I just did the math of Houseworld.
The total price tag for 15 months of Houseworld was $87,172.94.
The revenue of Houseworld was $67,634.27.
We’ve been working on Houseworld for 15 months. We presented 38 intimate shows to New York City. With each audience numbering around 30, Houseworld has been performed for about 1100 people, so far.
From September 2014, through the free Flatbush performances, to the completion of the Kickstarter campaign in June 2015, Houseworld cost $9141.53. We received $1217 in donations during this time, usually from generous audience members after the performances. ($300 came from my aunt and grandma)
We raised $35,062 through Kickstarter, through you. This covered a huge chunk of the cost of Houseworld: 40% of it!

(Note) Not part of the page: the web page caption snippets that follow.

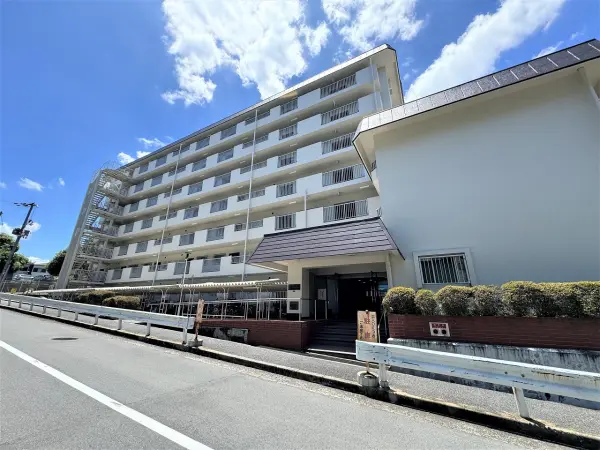 メゾンドール千里泉ヶ丘　弐番館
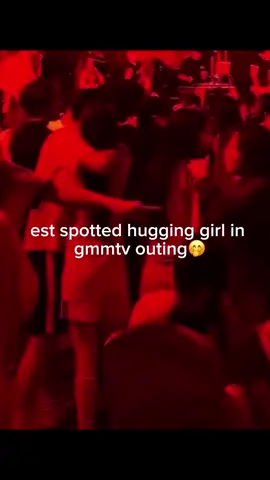 🤭🤭i guess the ‘possessive’ william is really just an act of fanservice,but i still can’t get enough of them at their fancon 🥹their bond is truly unbreakable,and i love that if either of them ever wanted to find a gf/bf they’d both be totally okay with it🫶🏻 #williamest #gmmtvouting2025 #williamjkp #est_rvp 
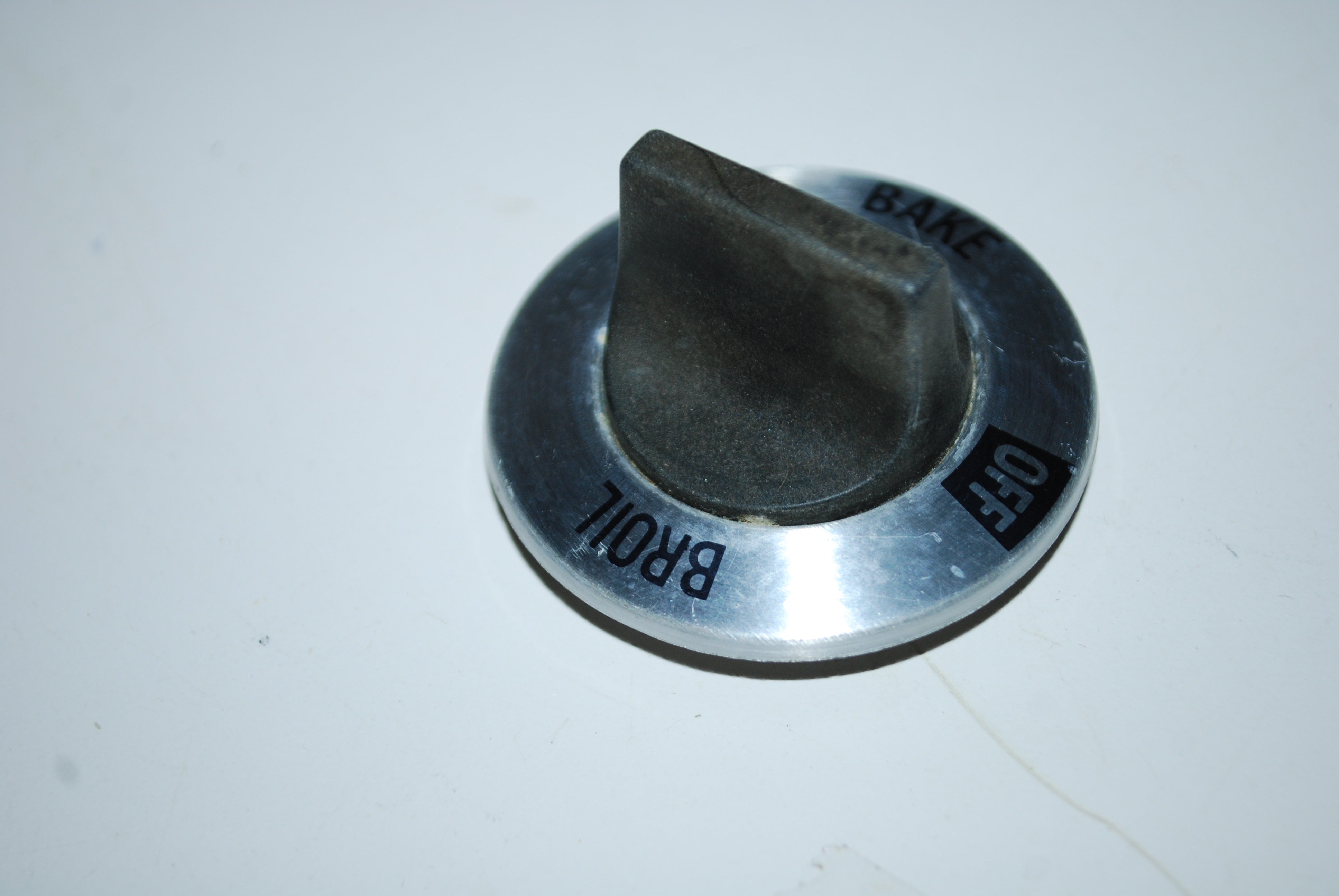 GE Range Oven Bake  Broil Selector Knob CHrome 393D531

From the completion of the Kickstarter campaign to today, we spent $78,031.41 on Houseworld.
$27,991.53 went directly into the pockets of our cast and crew. I am proud of this. Everyone created the Flatbush performances and Kickstarter fundraiser performances for free. Most of the performers earned about $9 per hour to do the Williamsburg performances, and there were plenty of folks earning less or volunteering their time. Everyone deserved much more, but then again, it was nice to be getting paid to be doing something so expressive and weird and fun.
I’m walking away from these first 15 months of Houseworld with a $19,380.59 debt. I’m not a rich kid. In a year, I’ve never earned more than the high $30,000s. The Houseworld money I contributed came from teaching piano lessons and playing music at churches and squirreling away my savings. I am proud that I’ve put this much money into the arts, and proud that I provided what I hope was a moving experience to our audience and cast and crew.
The risks, demands, and stress of these big finances was not traumatic for me. I’m going to save back up and do it again as soon as I can. I hope I can snag some grants and attract more investors this time around.
Have a happy 2016, everyone. Peace and love to the strange intersection between art and money.